• What is expected
Wherever pictures appear in the listing below, leave them out, and copy exactly, and only, everything from the line with "western Boot Print baby Romper LR2420" down to the line with "MARCHWAY Lightweight Folding".

• Available data
□ □ □ □
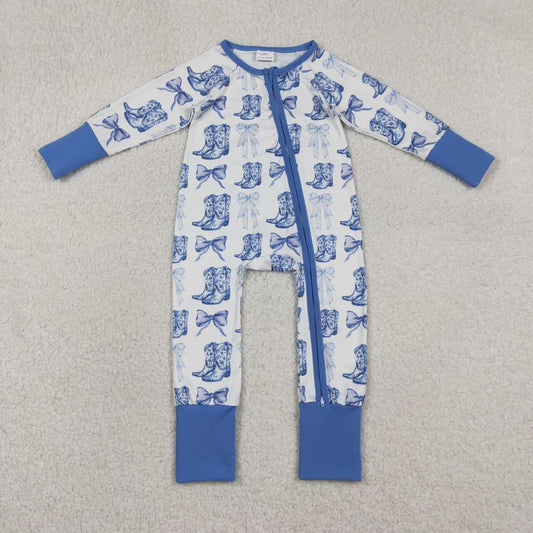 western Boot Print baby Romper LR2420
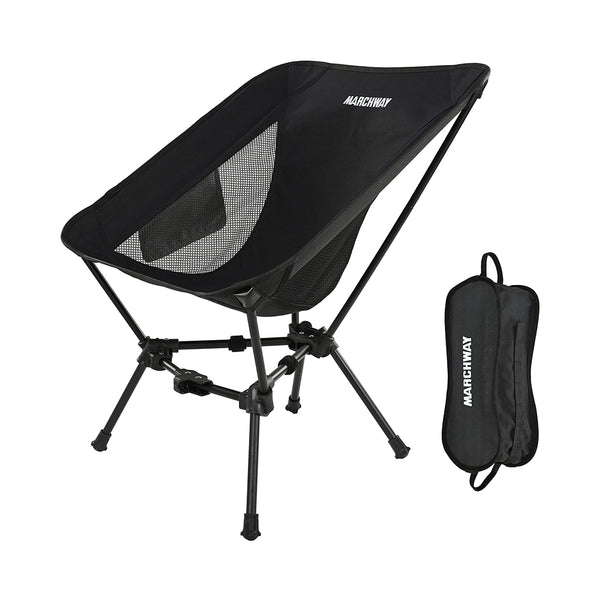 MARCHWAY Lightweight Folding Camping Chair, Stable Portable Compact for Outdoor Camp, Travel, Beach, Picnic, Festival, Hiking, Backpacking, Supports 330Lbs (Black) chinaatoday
□ □ □ □
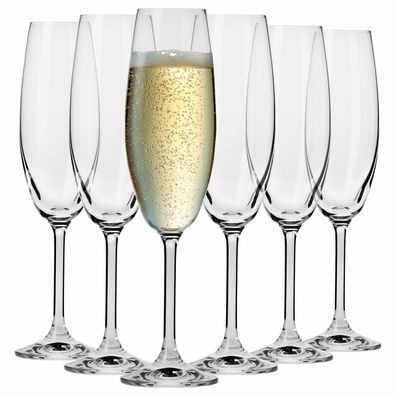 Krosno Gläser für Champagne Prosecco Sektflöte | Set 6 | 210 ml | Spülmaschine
□ □ □ □
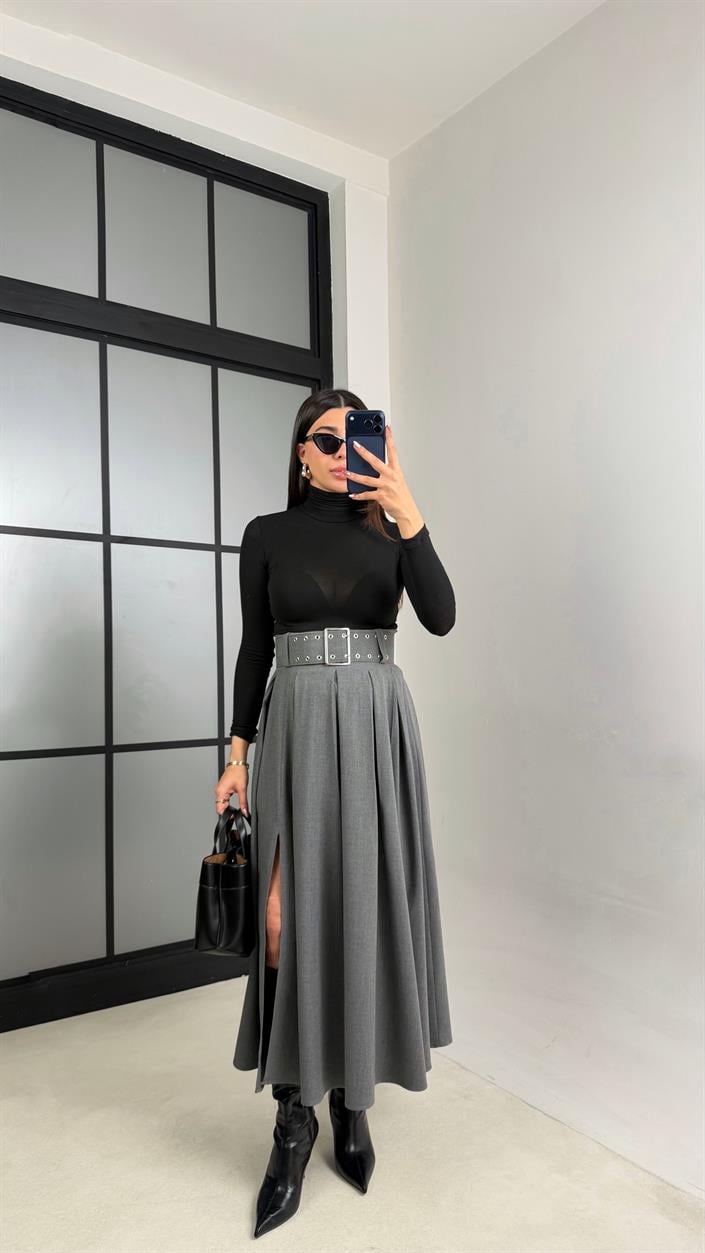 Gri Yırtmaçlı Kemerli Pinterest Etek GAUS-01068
□ □ □ □
• Solution
 western Boot Print baby Romper LR2420
 MARCHWAY Lightweight Folding Camping Chair, Stable Portable Compact for Outdoor Camp, Travel, Beach, Picnic, Festival, Hiking, Backpacking, Supports 330Lbs (Black) chinaatoday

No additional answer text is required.